=== Task inputs ===

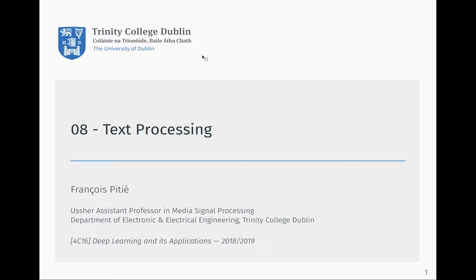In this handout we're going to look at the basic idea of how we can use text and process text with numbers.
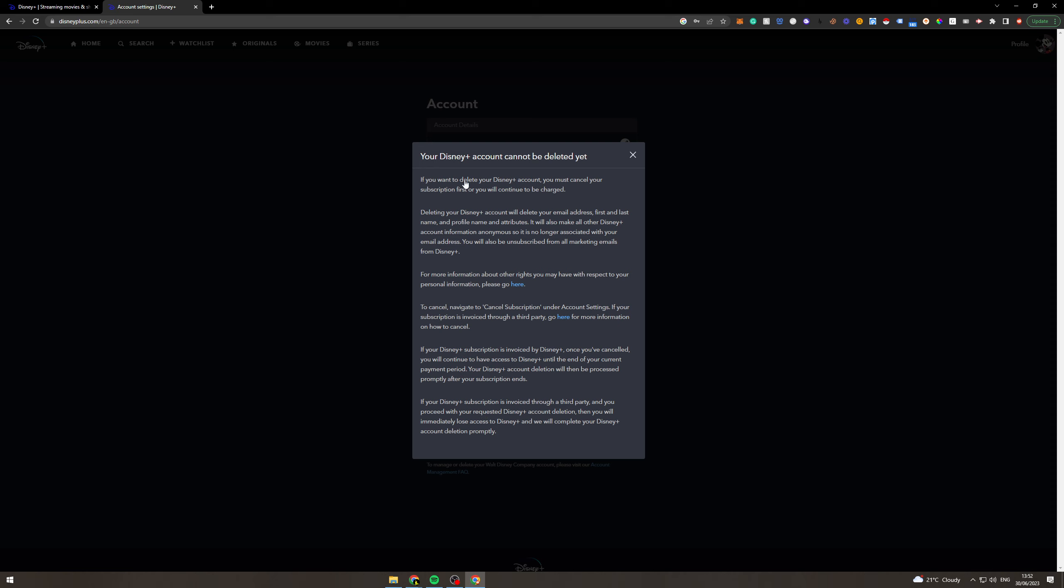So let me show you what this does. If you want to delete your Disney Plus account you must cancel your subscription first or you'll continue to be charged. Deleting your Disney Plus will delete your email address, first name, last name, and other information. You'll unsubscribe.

===
=== Task inputs ===

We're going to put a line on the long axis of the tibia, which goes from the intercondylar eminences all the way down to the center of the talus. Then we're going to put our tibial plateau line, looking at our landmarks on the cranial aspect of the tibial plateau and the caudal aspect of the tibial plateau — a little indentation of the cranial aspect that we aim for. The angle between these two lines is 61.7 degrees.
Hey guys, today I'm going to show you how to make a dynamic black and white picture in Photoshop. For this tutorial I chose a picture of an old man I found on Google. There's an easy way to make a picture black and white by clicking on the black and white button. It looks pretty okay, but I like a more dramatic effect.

===

Exercise — Set down, exactly as written above, each line from the one with "In this handout" through the one with "So let me show", and skip the pictures.

Response to this task —
In this handout we're going to look at the basic idea of how we can use text and process text with numbers.
So let me show you what this does. If you want to delete your Disney Plus account you must cancel your subscription first or you'll continue to be charged. Deleting your Disney Plus will delete your email address, first name, last name, and other information. You'll unsubscribe.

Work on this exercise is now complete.